Sahip olduklarımızı kaybetmekten korkuyoruz. Hâlbuki her şeyin asıl sahibini bilenler kaybetmekten korkmazlar. Korkuyoruz kaybetmekten, çünkü her şeyin sahibinin kendimiz olduğunu zannediyoruz. Necip Fazılın dediği gibi: “Güneşi ceketinin astarı içinde kaybetmiş” zavallıları oynuyoruz. Bu sebeple hakikati arama gibi bir derdimiz de yok.
Medyanın küresel ilahları tarafından ayartılmış köleler olarak sefih bir hayat sürüyor âdemoğlu. Anlamın anlamını yitirdiği, değerlerin değersizleştiği, sözün lafa, kelamın söze indirgendiği süfli bir ortama adapte edilmiş insan. Şehevî ve nefsanî arzuların kutsandığı, komşusundan daha doğrusu insanlıktan bi-haber yaşamanın benimsendiği pagan bir hayat. Milyonlarca insan ve milyonlarca amaç ve hiç birisinin ruha dokunan tarafı yok.
Her geçen gün insanlığımızın yerini, içimizden boşanıp giden âdemoğlunun yerini hırsla, ihtirasla programlanmış makineler alıyor. Kesretin, kalabalıklığın, şanın şöhretin şaha kalktığı… “Elhakümü’t-tekasür” buyuruyor hâlbuki Rabbimiz.
Ahseni takvimden, esfeli safiline bir düşüş. İnsan bu derekeye düştüğünü göremeden derece derece yükseldiğini zannediyor.
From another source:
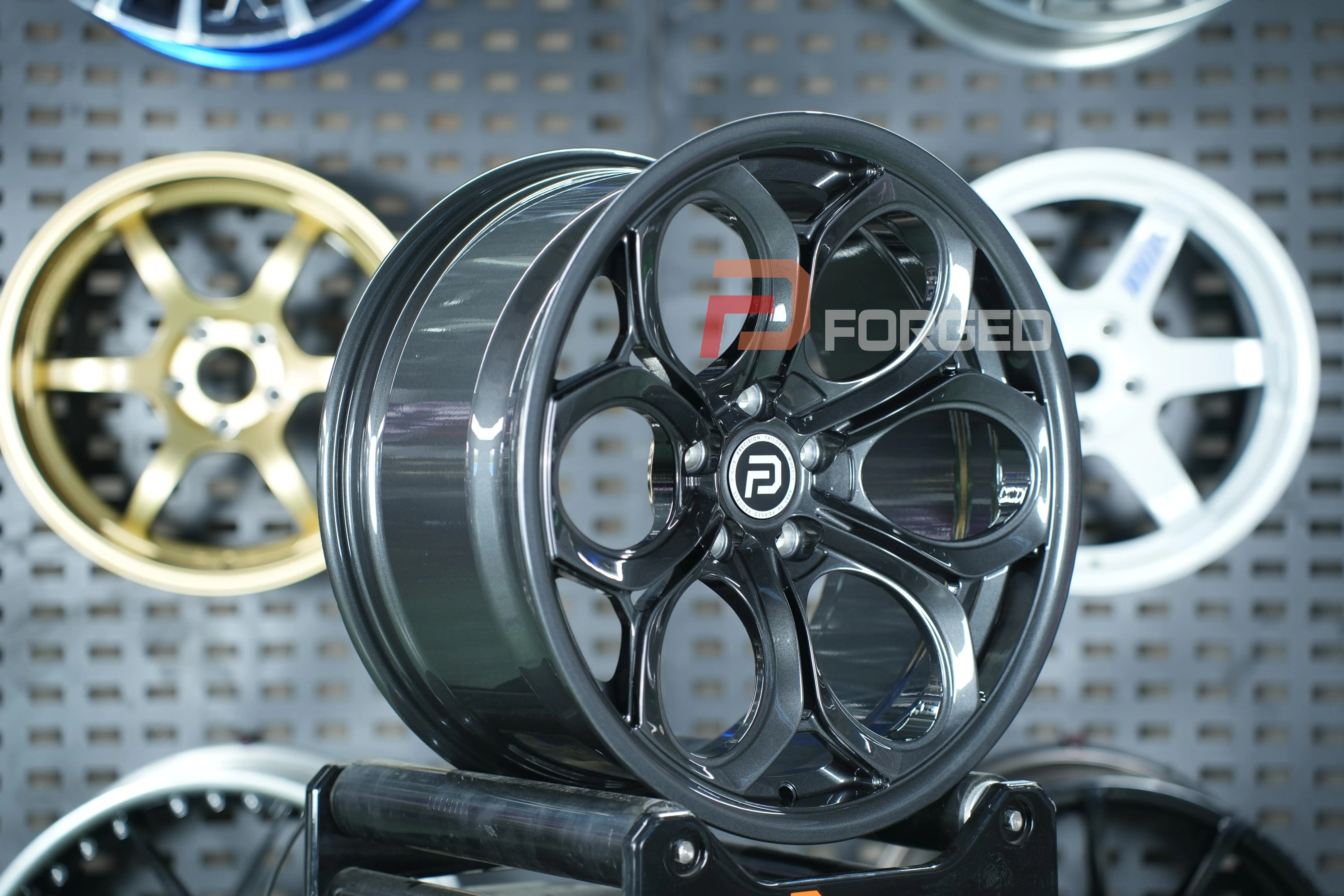 Custom High Quality Forged Alloy Wheels Lightweight Forged Wheels for Alfa Romeo Brera Spider MiTo Giulietta 4C Giulia Stelvio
Sanalitenin gözleri kör eden büyüsüne kapılıp gidiyor. Yalnızlığa itilmiş, sürgüne verilmiş bedenin dili bizi aldatıyor. Karanlıklar içinde panik dolu, çaresiz ve savunmasız bir hayat sürüyoruz.
Damarlarında hazzın acısı, bütün iliklerine kadar işliyor hız tutkusu. Tapınaklar inşa ediyor, içindeki fıtratın sesini susturmak için. Çağın insana sunduğu hediyeler ise alevlerle sarıp sarmalanmış. Erdemin tüm intikamını insanın ruhundan alıyor, çarmıha geriyor...
Tanıdık yüzlerden, kimliksiz sokaklardan, kaçıyor insan. Bu yüzden başka başka kentlere gidiyor. Ve gittiği bütün kentlerin yabancısı... İnsanın ruhuna ait bir yurdu olmalı değil mi? Çünkü sunulan, ezberletilen, insanoğluna yetmiyor. İstediğimiz, bu "yaşamak" değil. Bizi büyüleyen, bizi sürükleyen, içimizdeki düşlere dokunan "yaşamak"lar istiyor insan... Ruhumuzu izlediğimiz, kendimiz olduğumuz.
Bir rüyada mıyız, bağırıyoruz sesimiz çıkmıyor, bağırıyoruz kimse duymuyor. Herkes susmuş, herkes sağır. Vurgun yedik, sürgün olduk. Materyalizmin zemheri ayazlarında bütün duygularımız dondu. İnsanlığın sessiz ölümü bu. İnsanlar, her yola başvuruyor insanlığını unutmak için. İnsanlık bileklerini kesip kanatıyor. O yüzdendir kenara itilmişliğinin acısını yalnızca ruhuna yaşatmışlığı…

Şeytan, insanı Allah’ın yolundan saptırmak için and içmiştir. Dedi ki: "Madem öyle, beni azdırdığından dolayı onlar(ı insanları saptırmak) için mutlaka senin dosdoğru yolunda (pusu kurup) oturacağım."